DIRECTIONS FOR THIS TASK:
Examine the records below and count how many lines contain the string "Black". Give only the number.

DATA SHOWN:
__________

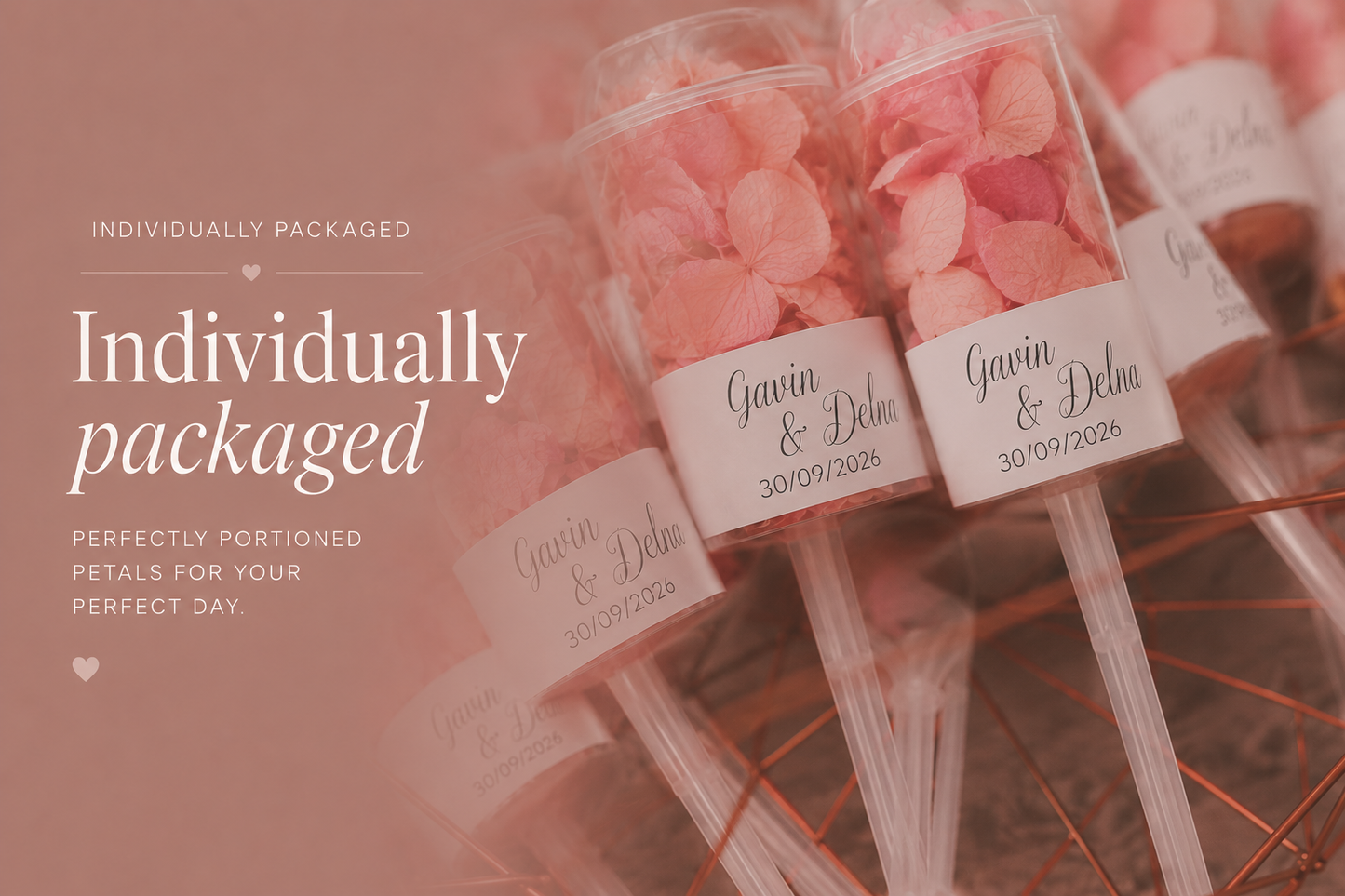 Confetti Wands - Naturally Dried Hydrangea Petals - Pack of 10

__________

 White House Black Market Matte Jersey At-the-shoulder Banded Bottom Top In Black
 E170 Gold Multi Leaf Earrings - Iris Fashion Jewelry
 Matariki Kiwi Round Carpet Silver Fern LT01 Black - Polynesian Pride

__________

SOLUTION TO THIS PROBLEM:
2